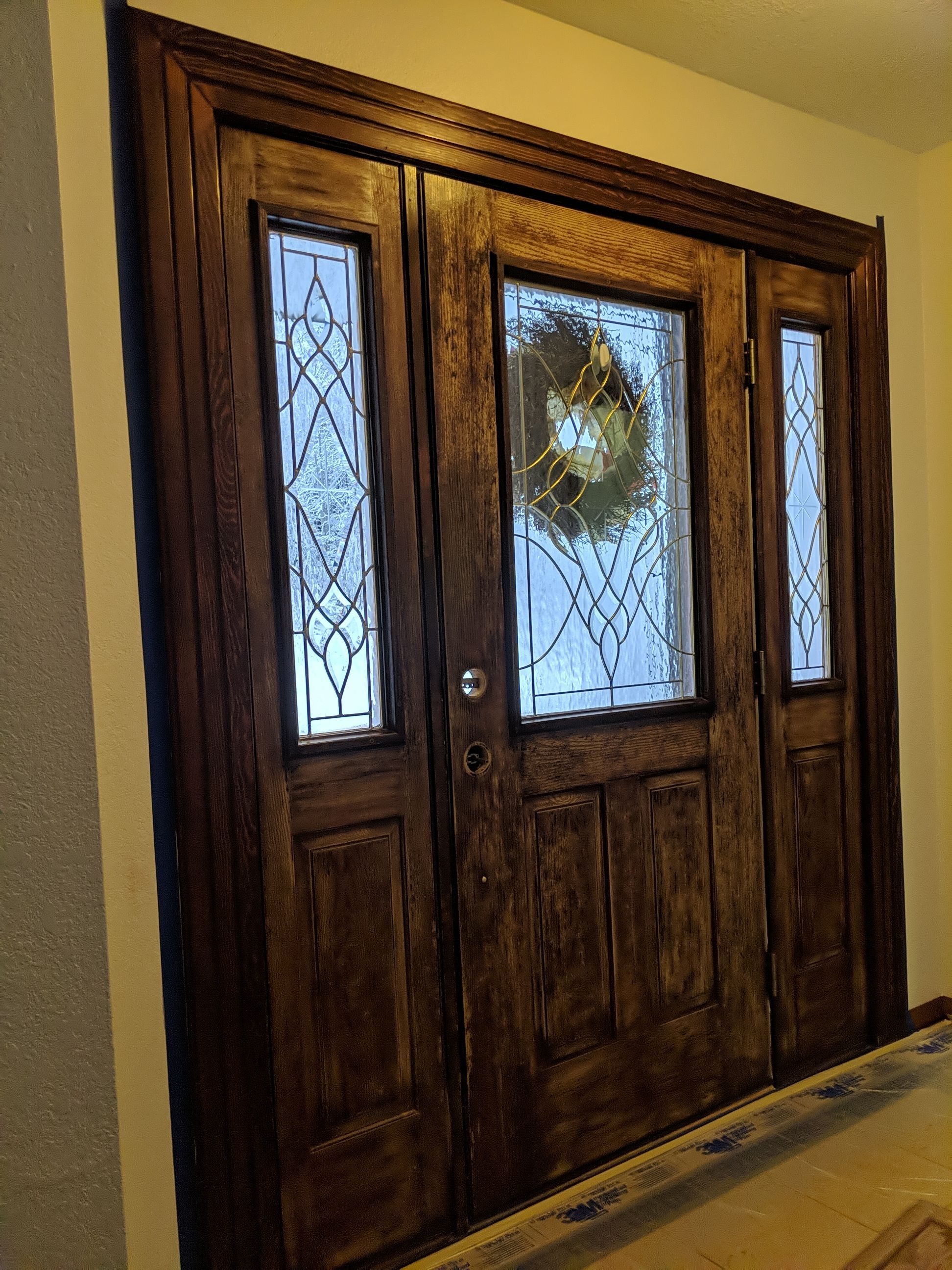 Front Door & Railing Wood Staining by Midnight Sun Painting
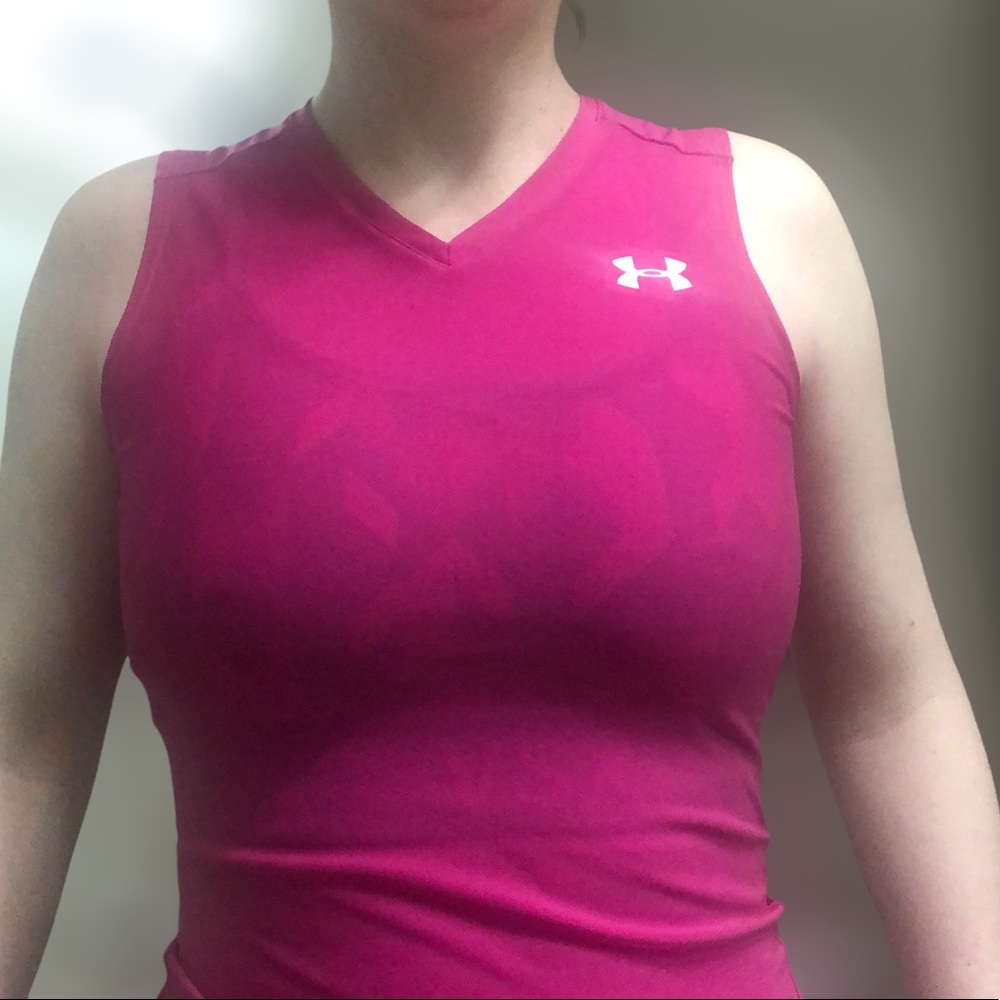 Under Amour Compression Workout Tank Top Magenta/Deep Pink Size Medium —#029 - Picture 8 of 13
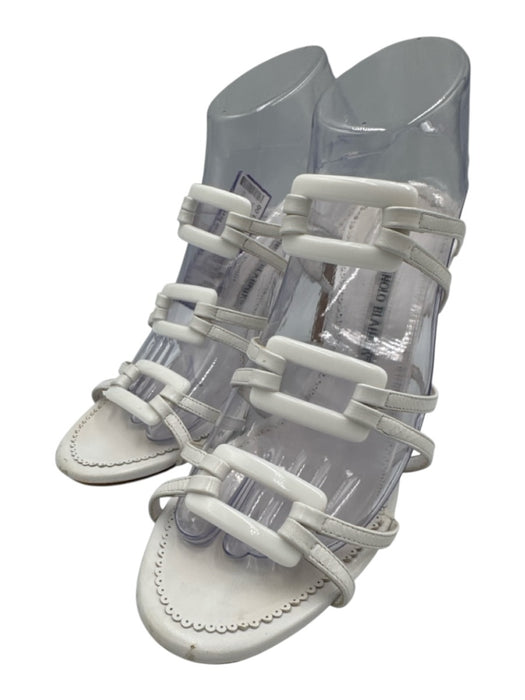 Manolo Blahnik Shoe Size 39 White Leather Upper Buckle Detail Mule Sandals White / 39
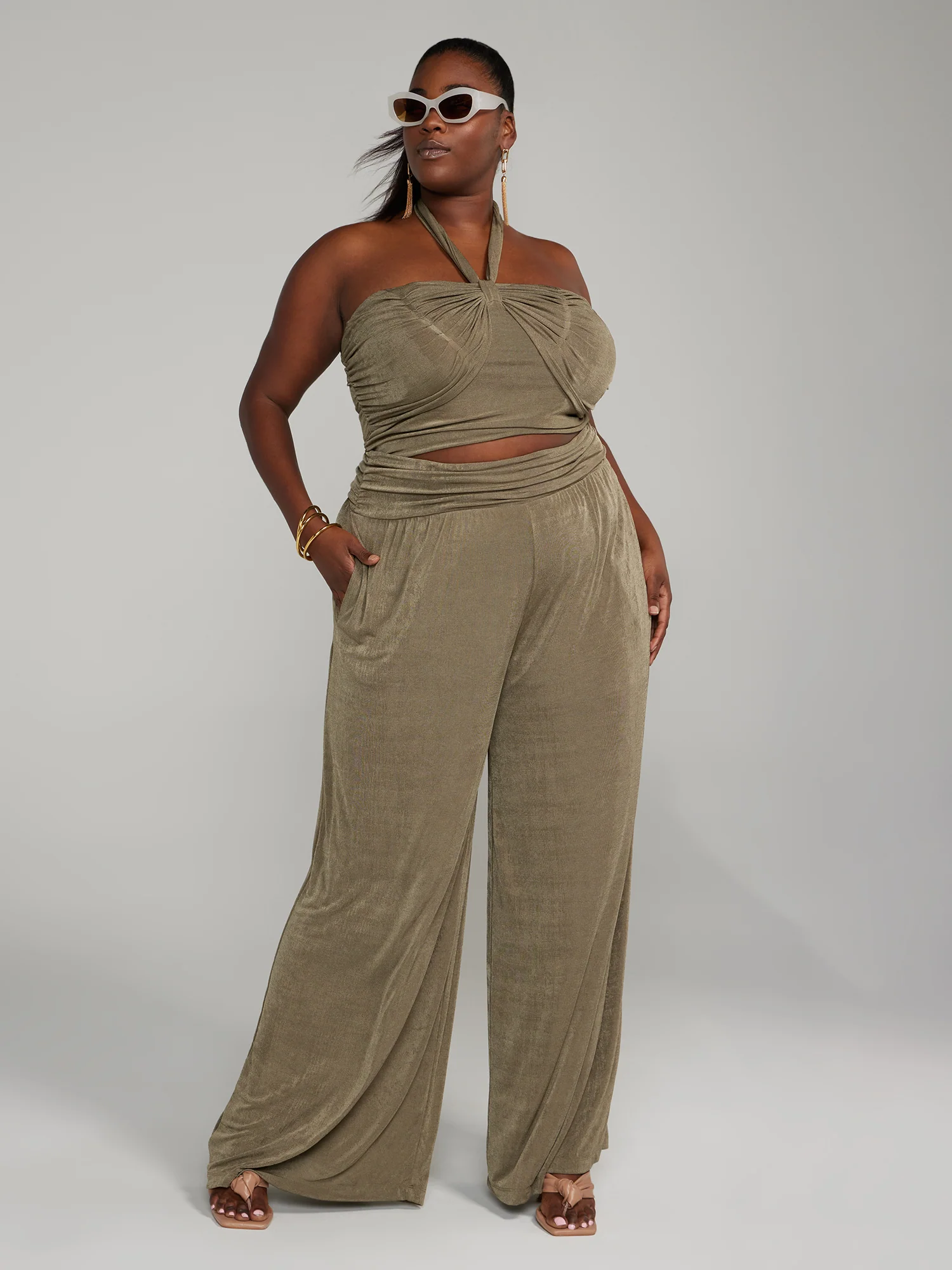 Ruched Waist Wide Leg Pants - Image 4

-=-=-=-=-

- _Assignment_: What you hand back should match the listing exactly, except that no pictures appear.

- _Reply to the task_:
 Front Door & Railing Wood Staining by Midnight Sun Painting
 Under Amour Compression Workout Tank Top Magenta/Deep Pink Size Medium —#029 - Picture 8 of 13
 Manolo Blahnik Shoe Size 39 White Leather Upper Buckle Detail Mule Sandals White / 39
 Ruched Waist Wide Leg Pants - Image 4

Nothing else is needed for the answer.